Obama could be including himself in that call for action. His remarks came as he's facing biting criticism from the GOP for presiding over a persistently weak economy and high unemployment. Republicans dubbed him "President Zero" after a dismal jobs report last Friday showed that employers added no jobs in August -- which hasn't happened since 1945. The unemployment rate, meanwhile, remained unchanged at 9.1 percent.
The report sparked new fears of a second recession and injected fresh urgency into Obama's efforts to help get the unemployed back into the labor market -- and improve his re-election chances. No incumbent in recent times has been re-elected with a jobless rate that high, and polls show the public is losing confidence in Obama's handling of the economy.
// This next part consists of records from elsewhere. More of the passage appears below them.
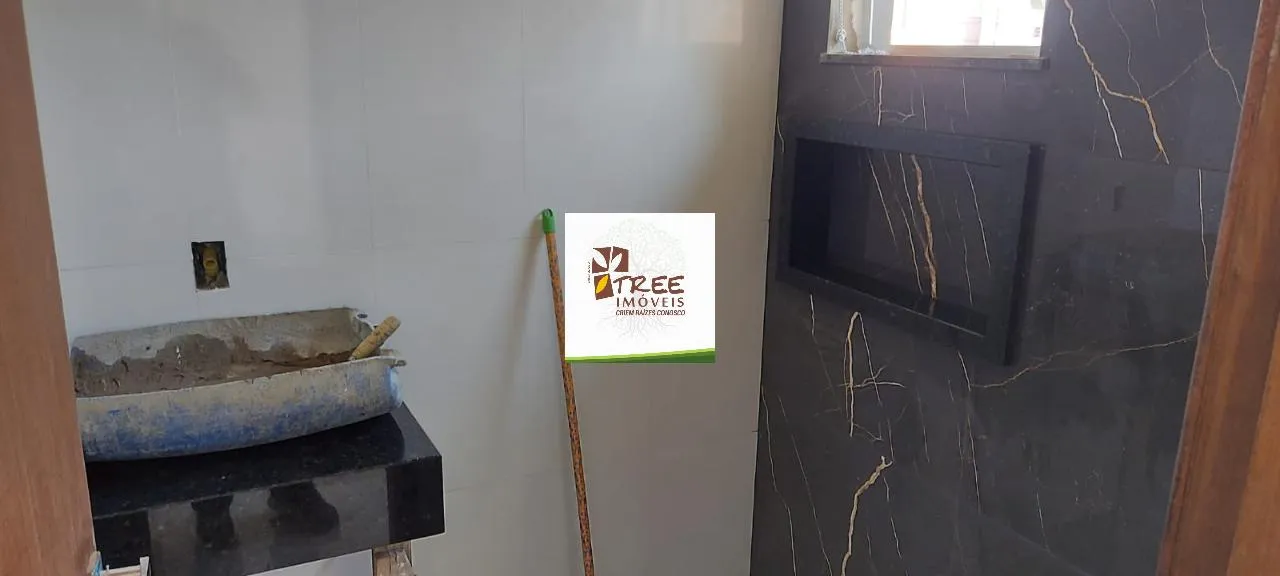 Imagem VENDA DE SOBRADO EM JUNDIAPEBA, EM MOGI DAS CRUZES/SP, 182m² com 3 quartos, suíte com varanda, sala ampla e garagem para 2 autos. CONSULTE-NOS.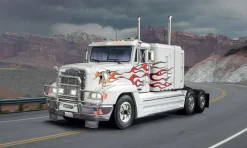 Italeri 1/24 Freightliner FLD 120 Special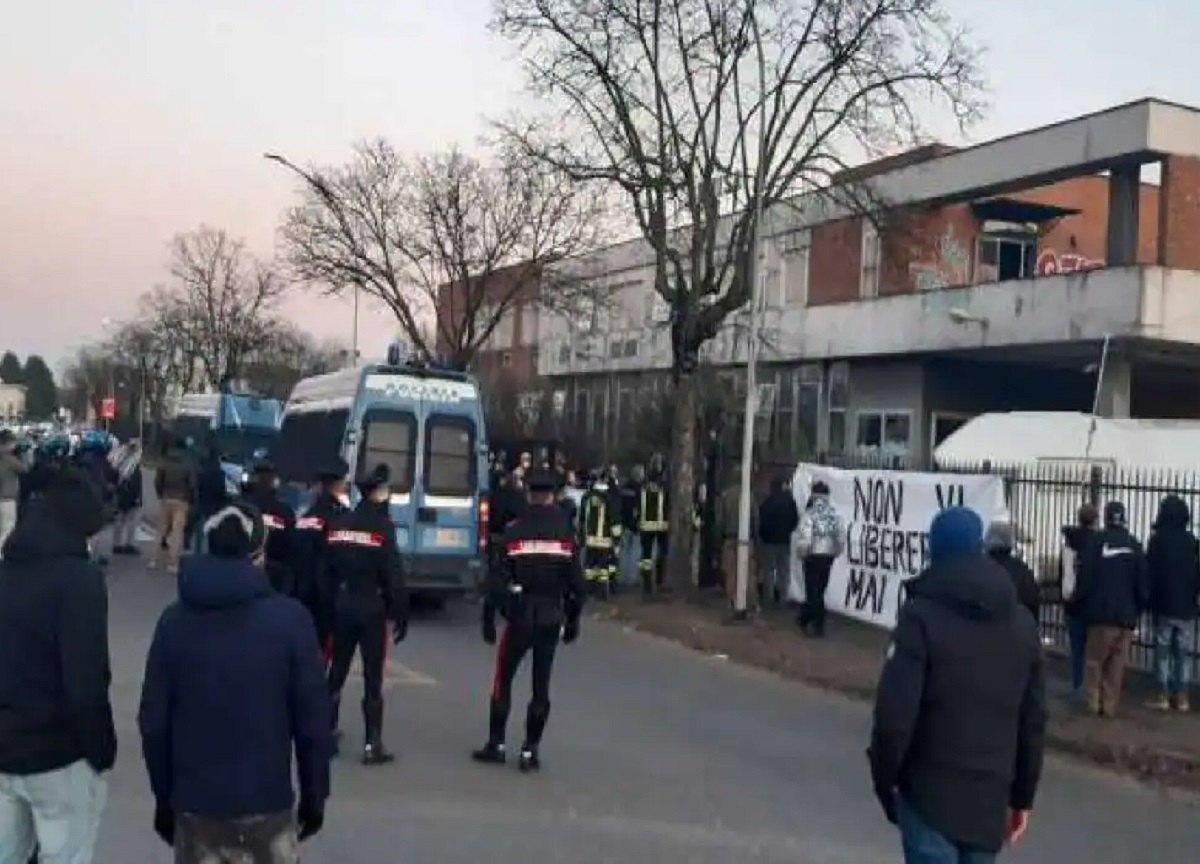 Milano, rave party abusivo ad Assago: 150 partecipanti denunciati Milano, rave party abusivo ad Assago: 150 partecipanti denunciati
His approval rating on that issue dropped to a new low of 26 percent in a recent Gallup survey.
GOP presidential candidate Mitt Romney said the report was disappointing, unacceptable and "further proof that President Obama has failed." Romney is scheduled to get ahead of Obama by outlining his job-creation plan in a speech today in Nevada, two days before the president addresses Congress.
Tax credits for businesses that hire and spending on school construction and renovation also are expected to be part of Obama's proposal.
Underscoring the political dueling under way over the economy, Obama plans to visit Richmond, Va., on Friday, the day after his speech, on the first of many trips he'll make to rally the public behind his plan. House Majority Leader Eric Cantor, R-Va., one of Obama's fiercest critics, represents part of Richmond.
Obama's broader goal with the speech is to make a sweeping appeal for bipartisan action on the economy by speaking not just to the lawmakers in front of him but also to the public at large. In that sense, the speech will mark a pivot from dealing with long-term deficit reduction to spurring an economic recovery.
Aides say Obama will mount a fall campaign centered on the economy, unveiling different elements of his agenda heading into 2012. If Republicans reject his ideas, the White House wants to use the megaphone of his presidency to enlist the public as an ally, pressure Congress and make the case for his re-election.
"People will see a president who will be laying very significant proposals throughout the fall leading up this next State of the Union" address, Gene Sperling, director of Obama's National Economic Council, told The Associated Press in an interview.
While Obama has said any short-term spending proposals will be paid for over the long term, aides say the speech will not offer details on what deficit reduction measures would be used to offset such spending. The speech also is not expected to include a detailed plan to resolve the housing crisis, a central cause behind the weak economy that has vexed the White House since the beginning of Obama's administration.
Sperling suggested that Obama would address the housing issue separately during the fall.
Meanwhile, the Chamber of Commerce unveiled its own jobs plan on Monday. In an open letter to the White House and Congress, the business lobby called for measures to immediately boost employment, including stepped-up road and bridge construction, more domestic oil drilling and temporary tax breaks for corporations.